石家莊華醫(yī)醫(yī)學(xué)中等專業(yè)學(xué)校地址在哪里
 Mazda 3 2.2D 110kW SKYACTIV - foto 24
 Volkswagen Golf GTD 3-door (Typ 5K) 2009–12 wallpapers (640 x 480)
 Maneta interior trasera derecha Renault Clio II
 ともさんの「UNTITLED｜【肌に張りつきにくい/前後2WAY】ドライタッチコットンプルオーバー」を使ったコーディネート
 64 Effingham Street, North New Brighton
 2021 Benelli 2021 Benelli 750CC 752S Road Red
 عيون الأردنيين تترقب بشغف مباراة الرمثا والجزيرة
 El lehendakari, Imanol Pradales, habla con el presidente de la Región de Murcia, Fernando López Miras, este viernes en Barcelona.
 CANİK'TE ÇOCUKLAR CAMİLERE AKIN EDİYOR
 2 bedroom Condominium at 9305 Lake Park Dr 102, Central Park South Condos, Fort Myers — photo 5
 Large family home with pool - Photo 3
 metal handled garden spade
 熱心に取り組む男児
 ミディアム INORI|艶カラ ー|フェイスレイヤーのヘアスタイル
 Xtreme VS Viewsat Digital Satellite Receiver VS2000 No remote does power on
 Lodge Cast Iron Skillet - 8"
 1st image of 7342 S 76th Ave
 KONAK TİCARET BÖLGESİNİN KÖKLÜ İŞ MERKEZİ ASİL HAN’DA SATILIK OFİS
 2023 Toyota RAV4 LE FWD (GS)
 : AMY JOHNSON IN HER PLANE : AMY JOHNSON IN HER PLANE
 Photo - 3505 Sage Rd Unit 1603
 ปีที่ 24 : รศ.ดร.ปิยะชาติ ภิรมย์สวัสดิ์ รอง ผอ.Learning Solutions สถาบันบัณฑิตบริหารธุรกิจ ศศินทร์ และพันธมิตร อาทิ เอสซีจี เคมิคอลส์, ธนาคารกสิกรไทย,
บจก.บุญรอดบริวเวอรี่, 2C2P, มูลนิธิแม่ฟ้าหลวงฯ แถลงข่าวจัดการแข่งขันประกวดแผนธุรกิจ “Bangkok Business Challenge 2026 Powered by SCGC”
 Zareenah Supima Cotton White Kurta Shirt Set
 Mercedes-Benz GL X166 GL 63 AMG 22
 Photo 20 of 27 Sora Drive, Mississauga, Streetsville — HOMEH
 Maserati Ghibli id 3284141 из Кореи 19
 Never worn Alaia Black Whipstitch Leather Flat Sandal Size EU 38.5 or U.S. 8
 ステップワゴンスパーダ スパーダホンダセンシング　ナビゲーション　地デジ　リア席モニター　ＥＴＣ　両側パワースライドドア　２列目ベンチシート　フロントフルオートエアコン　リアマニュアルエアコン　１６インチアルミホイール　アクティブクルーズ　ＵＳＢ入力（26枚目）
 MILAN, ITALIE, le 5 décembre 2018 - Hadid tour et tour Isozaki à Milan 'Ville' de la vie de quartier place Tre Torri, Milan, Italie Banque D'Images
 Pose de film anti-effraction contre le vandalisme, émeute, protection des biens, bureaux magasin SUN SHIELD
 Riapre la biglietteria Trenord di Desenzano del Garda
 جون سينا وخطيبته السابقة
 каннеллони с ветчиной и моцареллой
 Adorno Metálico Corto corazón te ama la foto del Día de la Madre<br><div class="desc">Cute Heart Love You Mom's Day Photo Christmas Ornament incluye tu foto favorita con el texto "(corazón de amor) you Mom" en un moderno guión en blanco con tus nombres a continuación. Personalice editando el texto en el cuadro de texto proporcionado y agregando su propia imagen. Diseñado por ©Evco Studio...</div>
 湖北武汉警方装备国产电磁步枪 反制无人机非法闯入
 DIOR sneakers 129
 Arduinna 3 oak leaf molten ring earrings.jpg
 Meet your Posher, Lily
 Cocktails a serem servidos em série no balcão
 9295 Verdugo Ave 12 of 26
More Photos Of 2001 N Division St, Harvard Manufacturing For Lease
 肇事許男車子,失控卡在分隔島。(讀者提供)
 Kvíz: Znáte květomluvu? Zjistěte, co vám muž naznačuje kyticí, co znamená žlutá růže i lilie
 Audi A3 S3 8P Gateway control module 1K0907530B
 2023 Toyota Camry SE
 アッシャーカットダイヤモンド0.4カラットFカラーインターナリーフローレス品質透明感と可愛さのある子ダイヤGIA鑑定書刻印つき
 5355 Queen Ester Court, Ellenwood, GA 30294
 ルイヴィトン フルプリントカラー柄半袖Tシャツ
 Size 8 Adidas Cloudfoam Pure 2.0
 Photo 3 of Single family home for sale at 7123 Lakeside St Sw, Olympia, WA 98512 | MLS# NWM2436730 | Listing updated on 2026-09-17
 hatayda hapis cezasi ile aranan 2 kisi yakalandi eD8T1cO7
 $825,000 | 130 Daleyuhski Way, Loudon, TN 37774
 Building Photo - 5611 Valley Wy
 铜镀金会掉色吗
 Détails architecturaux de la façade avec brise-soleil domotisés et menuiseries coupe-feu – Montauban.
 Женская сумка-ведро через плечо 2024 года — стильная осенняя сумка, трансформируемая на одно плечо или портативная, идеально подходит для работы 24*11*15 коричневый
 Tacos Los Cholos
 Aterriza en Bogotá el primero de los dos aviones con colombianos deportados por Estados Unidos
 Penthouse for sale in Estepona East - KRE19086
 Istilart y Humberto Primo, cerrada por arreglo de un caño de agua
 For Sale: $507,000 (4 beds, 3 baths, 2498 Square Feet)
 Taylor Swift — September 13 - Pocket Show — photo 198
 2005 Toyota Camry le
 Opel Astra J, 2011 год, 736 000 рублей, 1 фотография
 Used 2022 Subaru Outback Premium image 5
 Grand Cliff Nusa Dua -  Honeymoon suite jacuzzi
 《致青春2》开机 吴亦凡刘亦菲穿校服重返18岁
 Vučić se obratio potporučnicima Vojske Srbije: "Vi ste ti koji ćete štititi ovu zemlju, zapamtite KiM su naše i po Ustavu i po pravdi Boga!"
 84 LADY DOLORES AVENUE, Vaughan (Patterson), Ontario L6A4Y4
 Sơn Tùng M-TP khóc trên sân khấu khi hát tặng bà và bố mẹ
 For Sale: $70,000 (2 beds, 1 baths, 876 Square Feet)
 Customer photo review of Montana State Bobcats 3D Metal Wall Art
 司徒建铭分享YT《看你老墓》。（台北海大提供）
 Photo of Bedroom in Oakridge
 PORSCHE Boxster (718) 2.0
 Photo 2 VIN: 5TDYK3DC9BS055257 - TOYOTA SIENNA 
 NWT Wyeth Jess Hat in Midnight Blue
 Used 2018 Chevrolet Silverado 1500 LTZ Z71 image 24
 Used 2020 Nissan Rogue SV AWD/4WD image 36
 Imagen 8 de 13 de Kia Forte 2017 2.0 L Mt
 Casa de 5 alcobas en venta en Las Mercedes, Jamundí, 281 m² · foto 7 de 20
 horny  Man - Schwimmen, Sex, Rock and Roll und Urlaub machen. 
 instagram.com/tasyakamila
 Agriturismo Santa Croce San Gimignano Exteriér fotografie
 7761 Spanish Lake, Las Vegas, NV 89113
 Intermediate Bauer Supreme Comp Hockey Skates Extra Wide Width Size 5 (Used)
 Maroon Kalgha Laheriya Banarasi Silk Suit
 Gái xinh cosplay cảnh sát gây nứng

#### Work to complete:
The lines to copy are those above that contain "Mercedes".

#### Exercise response:
 Mercedes-Benz GL X166 GL 63 AMG 22
 Casa de 5 alcobas en venta en Las Mercedes, Jamundí, 281 m² · foto 7 de 20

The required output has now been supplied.